On 6/25/23 19:35, Han Zhou wrote:
> When a server becomes unstable due to overloading or intermittent
> partitioning, it may miss some heartbeats and then starts election with
> a new term, which would disrupt the otherwise healthy cluster formed by
> the rest of the healthy nodes.  Such situation may exist for a long time
> until the "flapping" server is shutdown or recovered completely, which
> can severely impact the availability of the cluster. The pre-vote
> mechanism introduced in the raft paper section 9.6 can prevent such
> problems.
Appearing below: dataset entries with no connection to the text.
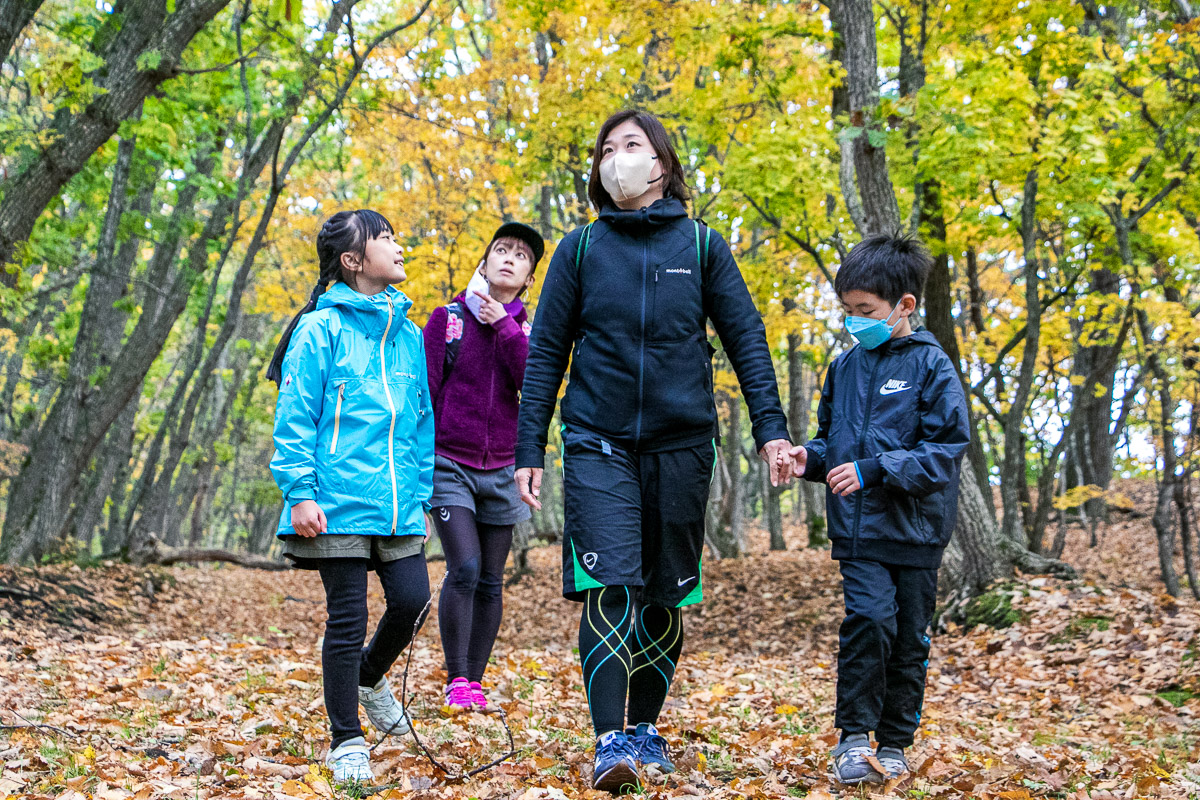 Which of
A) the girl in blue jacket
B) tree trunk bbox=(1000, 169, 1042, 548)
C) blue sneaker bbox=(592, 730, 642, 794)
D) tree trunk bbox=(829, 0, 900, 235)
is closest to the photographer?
blue sneaker bbox=(592, 730, 642, 794)

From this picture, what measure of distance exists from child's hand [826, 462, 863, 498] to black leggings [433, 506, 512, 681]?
1.84 meters

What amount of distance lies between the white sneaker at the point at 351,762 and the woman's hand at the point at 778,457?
5.36 ft

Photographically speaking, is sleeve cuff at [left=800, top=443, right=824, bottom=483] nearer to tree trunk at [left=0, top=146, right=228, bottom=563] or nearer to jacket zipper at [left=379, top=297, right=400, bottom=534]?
jacket zipper at [left=379, top=297, right=400, bottom=534]

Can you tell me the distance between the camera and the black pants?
3.13 meters

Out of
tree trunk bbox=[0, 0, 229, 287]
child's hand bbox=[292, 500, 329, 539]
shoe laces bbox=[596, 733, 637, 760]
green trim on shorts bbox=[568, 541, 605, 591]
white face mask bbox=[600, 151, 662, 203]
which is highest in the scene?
tree trunk bbox=[0, 0, 229, 287]

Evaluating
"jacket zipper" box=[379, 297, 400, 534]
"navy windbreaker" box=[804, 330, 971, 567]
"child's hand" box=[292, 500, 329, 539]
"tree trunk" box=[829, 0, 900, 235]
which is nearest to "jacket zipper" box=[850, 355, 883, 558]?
"navy windbreaker" box=[804, 330, 971, 567]

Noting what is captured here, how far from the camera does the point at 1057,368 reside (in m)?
14.0

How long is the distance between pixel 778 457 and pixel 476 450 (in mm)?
1838

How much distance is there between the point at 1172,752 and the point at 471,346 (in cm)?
372

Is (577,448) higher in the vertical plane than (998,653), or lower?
higher

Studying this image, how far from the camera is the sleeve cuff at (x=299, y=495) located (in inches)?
116

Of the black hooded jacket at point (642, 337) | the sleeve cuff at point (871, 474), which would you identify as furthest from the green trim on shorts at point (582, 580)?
the sleeve cuff at point (871, 474)

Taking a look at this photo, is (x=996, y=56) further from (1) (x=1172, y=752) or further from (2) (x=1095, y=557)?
(2) (x=1095, y=557)

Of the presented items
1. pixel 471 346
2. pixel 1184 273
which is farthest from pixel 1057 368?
pixel 471 346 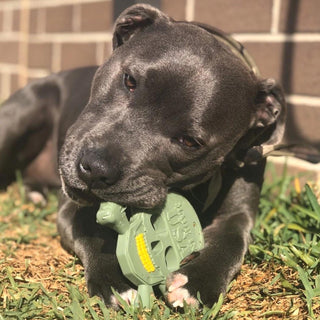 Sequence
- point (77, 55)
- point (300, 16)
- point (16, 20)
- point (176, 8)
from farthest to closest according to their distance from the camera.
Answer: point (16, 20)
point (77, 55)
point (176, 8)
point (300, 16)

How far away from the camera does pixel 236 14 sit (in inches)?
187

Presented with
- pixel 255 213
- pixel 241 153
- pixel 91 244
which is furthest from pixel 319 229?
pixel 91 244

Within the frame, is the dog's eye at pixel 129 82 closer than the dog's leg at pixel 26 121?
Yes

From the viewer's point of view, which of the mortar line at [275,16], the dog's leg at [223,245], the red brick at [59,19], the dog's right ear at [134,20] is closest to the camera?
the dog's leg at [223,245]

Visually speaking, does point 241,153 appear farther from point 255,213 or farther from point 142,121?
point 142,121

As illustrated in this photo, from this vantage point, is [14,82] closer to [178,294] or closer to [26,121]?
[26,121]

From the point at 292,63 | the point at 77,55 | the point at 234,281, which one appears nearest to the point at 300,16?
the point at 292,63

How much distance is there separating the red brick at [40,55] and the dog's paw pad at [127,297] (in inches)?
170

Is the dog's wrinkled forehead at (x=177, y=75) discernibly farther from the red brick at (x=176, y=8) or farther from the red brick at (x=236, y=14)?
the red brick at (x=176, y=8)

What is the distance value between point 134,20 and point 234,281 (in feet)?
5.01

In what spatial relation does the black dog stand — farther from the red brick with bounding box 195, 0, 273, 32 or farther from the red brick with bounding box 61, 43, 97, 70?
the red brick with bounding box 61, 43, 97, 70

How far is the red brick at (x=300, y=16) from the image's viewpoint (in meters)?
4.20

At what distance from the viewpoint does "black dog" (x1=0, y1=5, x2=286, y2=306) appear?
285 centimetres

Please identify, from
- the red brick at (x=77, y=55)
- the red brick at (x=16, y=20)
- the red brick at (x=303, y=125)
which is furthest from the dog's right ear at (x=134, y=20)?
the red brick at (x=16, y=20) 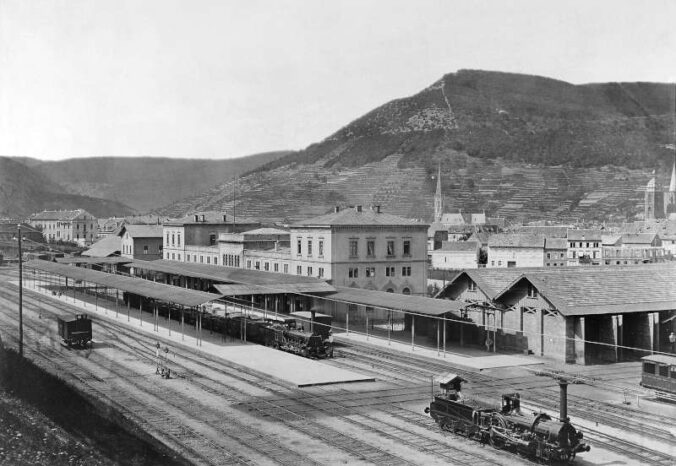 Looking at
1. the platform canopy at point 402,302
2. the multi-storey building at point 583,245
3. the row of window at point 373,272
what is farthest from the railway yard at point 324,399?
the multi-storey building at point 583,245

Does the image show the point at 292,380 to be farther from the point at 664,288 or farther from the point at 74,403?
the point at 664,288

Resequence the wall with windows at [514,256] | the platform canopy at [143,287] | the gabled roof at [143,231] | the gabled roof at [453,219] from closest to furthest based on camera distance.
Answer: the platform canopy at [143,287], the gabled roof at [143,231], the wall with windows at [514,256], the gabled roof at [453,219]

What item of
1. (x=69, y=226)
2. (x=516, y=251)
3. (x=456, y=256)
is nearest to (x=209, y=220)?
(x=456, y=256)

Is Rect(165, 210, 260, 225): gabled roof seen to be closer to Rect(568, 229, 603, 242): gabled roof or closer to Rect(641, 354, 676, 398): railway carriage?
Rect(568, 229, 603, 242): gabled roof

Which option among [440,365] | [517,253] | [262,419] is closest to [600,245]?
[517,253]

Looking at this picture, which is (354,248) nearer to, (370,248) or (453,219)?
(370,248)

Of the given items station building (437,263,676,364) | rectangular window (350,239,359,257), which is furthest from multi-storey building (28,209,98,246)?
station building (437,263,676,364)

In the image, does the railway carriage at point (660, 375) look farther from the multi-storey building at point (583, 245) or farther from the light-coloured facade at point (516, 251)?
the multi-storey building at point (583, 245) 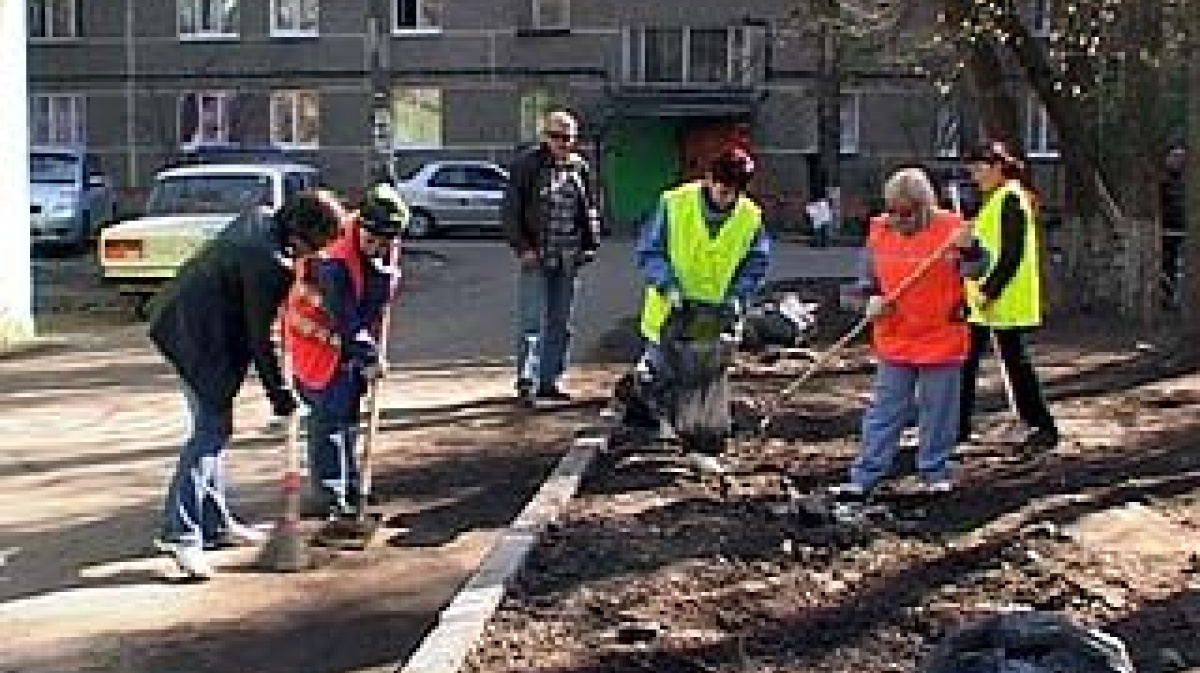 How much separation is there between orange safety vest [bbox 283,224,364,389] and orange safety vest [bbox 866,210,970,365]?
240 cm

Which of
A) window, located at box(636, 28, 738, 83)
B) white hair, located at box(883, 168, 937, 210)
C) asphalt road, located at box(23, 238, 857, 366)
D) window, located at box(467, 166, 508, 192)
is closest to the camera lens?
white hair, located at box(883, 168, 937, 210)

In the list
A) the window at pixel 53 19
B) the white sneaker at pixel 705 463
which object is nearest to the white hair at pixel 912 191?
the white sneaker at pixel 705 463

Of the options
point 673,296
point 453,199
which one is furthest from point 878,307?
Answer: point 453,199

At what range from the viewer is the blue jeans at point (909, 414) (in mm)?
10047

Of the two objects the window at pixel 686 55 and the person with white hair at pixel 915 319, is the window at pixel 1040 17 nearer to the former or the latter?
the person with white hair at pixel 915 319

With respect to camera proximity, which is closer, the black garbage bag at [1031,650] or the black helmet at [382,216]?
the black garbage bag at [1031,650]

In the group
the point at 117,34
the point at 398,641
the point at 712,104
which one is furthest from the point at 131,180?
the point at 398,641

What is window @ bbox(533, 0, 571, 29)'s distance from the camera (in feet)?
174

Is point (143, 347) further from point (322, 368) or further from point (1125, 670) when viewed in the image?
point (1125, 670)

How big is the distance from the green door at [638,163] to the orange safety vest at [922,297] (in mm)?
42394

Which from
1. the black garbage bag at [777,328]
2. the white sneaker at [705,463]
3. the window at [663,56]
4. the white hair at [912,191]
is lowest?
the white sneaker at [705,463]

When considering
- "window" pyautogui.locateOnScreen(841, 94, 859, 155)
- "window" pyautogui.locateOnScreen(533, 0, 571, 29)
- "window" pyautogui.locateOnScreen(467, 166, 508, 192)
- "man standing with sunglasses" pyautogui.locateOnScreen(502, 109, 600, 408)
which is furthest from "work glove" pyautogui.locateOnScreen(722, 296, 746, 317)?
"window" pyautogui.locateOnScreen(533, 0, 571, 29)

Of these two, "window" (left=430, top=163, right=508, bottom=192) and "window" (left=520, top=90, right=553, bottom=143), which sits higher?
"window" (left=520, top=90, right=553, bottom=143)

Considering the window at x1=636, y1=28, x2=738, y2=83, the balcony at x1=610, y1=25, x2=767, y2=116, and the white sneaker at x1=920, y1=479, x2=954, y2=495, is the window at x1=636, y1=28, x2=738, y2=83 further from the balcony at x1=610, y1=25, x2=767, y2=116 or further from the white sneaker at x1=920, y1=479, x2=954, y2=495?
the white sneaker at x1=920, y1=479, x2=954, y2=495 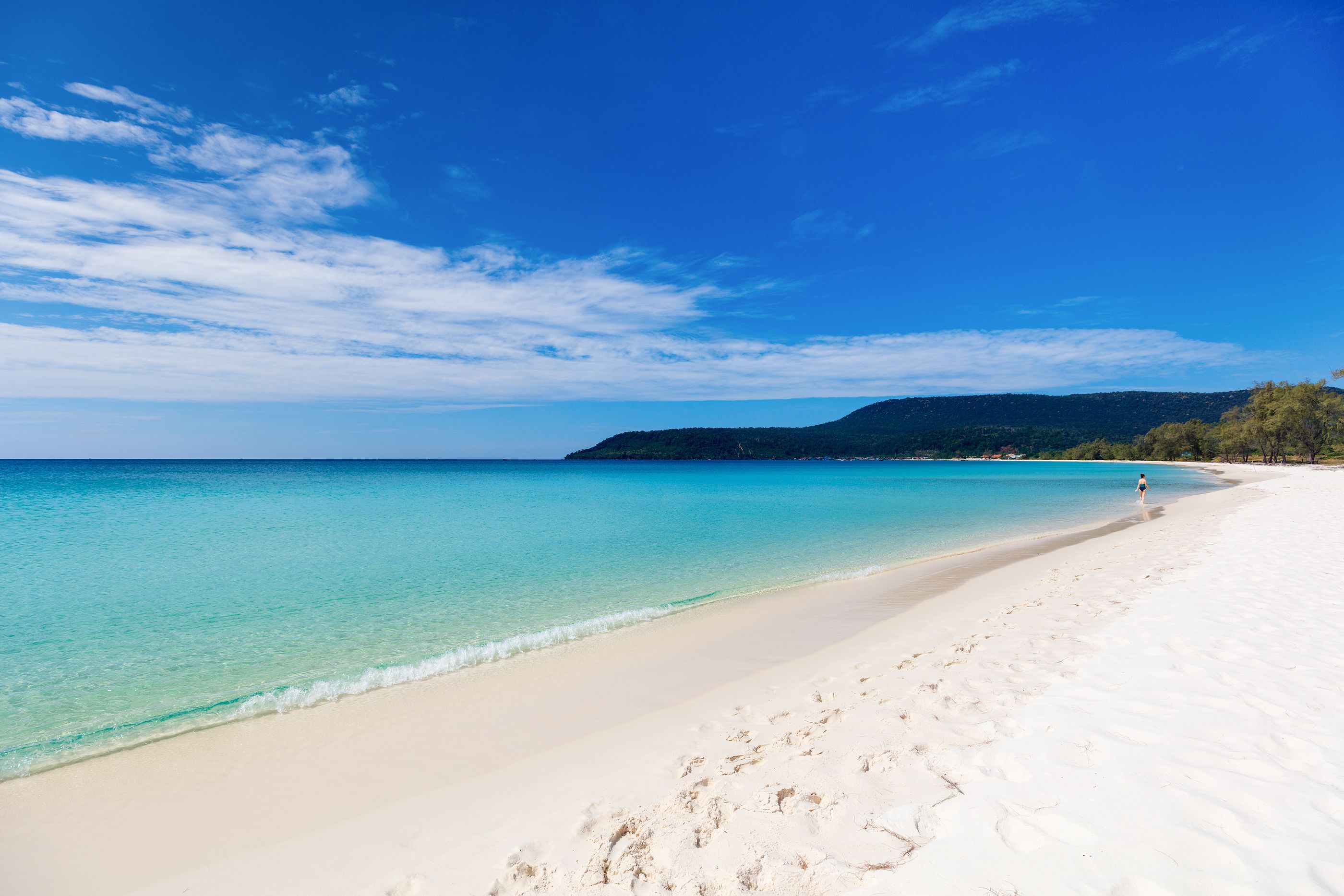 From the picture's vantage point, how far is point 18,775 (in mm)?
5035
This patch implements the pre-vote mechanism, in a way that is
> backward compatible and safe for upgrades.

Thanks, Han!  This is definitely interesting.  I don't think that this
should be a solution for overloading though, overloading should be fixed
by, well, reducing the load or increasing the election timer.  But some
intermittent network issues is indeed a valid case.

I looked through the code and I don't see any significant problems right
away, but I would like to experiment with it a bit more next week, since
the voting logic is fairly complex in general.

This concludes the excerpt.